---------- Material provided ----------

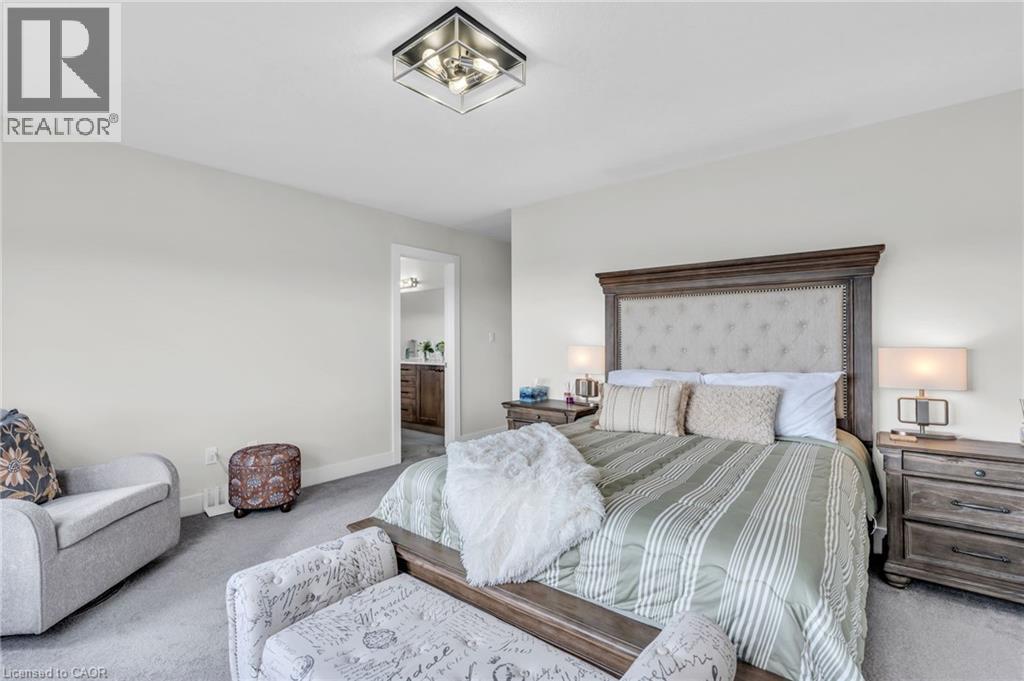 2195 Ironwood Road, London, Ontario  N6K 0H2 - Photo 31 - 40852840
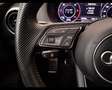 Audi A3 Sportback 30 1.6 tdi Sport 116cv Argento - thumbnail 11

----------
---------- Material provided ----------

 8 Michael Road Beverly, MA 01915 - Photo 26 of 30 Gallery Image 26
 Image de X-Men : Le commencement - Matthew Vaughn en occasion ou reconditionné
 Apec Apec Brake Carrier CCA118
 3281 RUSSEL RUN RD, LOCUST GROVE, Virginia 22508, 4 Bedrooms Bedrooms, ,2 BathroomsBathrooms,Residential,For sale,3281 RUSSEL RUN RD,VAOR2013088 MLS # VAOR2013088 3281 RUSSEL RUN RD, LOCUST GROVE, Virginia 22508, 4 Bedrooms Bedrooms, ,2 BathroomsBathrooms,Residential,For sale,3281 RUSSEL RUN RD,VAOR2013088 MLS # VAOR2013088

----------

## Task
The expected answer is one number: how many lines above contain "Image".

## Reply to the task
2